This year’s 37th annual ACCC National Oncology Conference looked very different from previous years. Like most industry events and conferences this year, it was transformed into a virtual event, but we’re happy to say that the value of the event was definitely not lost. We were able to join in on many different sessions over the five-day virtual event, and our team saw that connections were still being made and ideas were being shared, even remotely. Thank you to the ACCC team for transitioning this event into a virtual one that we could all still benefit from.

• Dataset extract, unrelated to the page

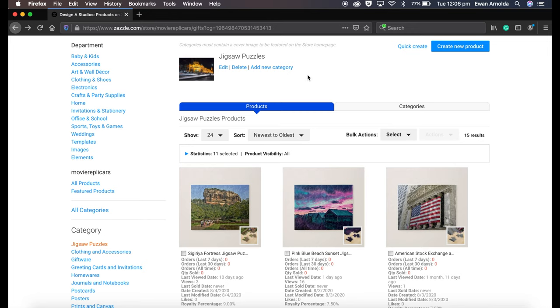Hey everyone and welcome. In this video I wanted to quickly show you how easy it is to upload your images, your photography, and attach to or create jigsaw puzzles and sell them online.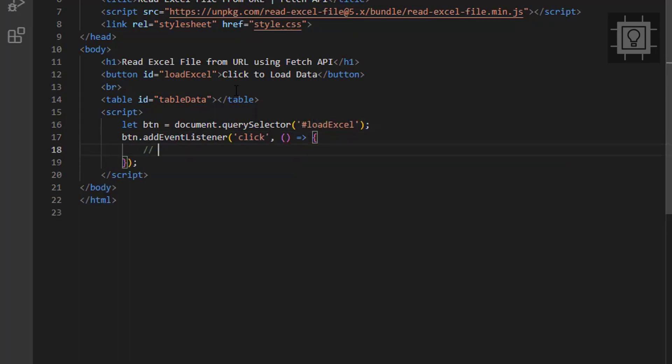Next step is to use the fetch API. This is responsible for getting the Excel file from a resource, be it on the same directory or on another website's directory.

One of the sessions that was particularly relevant to what we do here at TailorMed was “Revenue Cycle Optimization,” led by Christina Fuller, BSW, Oncology Patient Financial Navigator at Mosaic Life Cancer Care. It was a great example of how to engage virtual conference-goers. Fuller began by creating a friendly environment and aligning all participants on the topic, definitions, and functions of the various areas of the revenue cycle: from gathering of demographic information, referrals and authorizations, through documentation, coding, and all the way into the claims and denials portion. This set the stage for a great discussion.
TailorMed’s Director of Financial Navigation, Clara Lambert, shared her insights on the session, and how it brought value to the participants. “The discussion moved quickly to financial navigation, which Christina identified as falling in between the revenue cycle stages of data entry of demographics and insurance information, and obtaining referrals and authorizations. We also discussed the increasingly relevant theme of how to overcome the challenges of assisting patients remotely, especially patients whose financial burdens have increased with the onset of COVID-19. Some mentioned that their teams have continued pursuing authorizations from their home offices through the COVID-19 pandemic, and we discussed various strategies they were using to assist with authorizations.”
The participants also brought up another recurring challenge that financial navigators run into: the overwhelming amount of manual processes required with the work. There is pressure to manually enter as many claims as possible, which increases the risk of human error. Technology like financial navigation solutions can be utilized to automate manual processes and project out-of-pocket patient costs.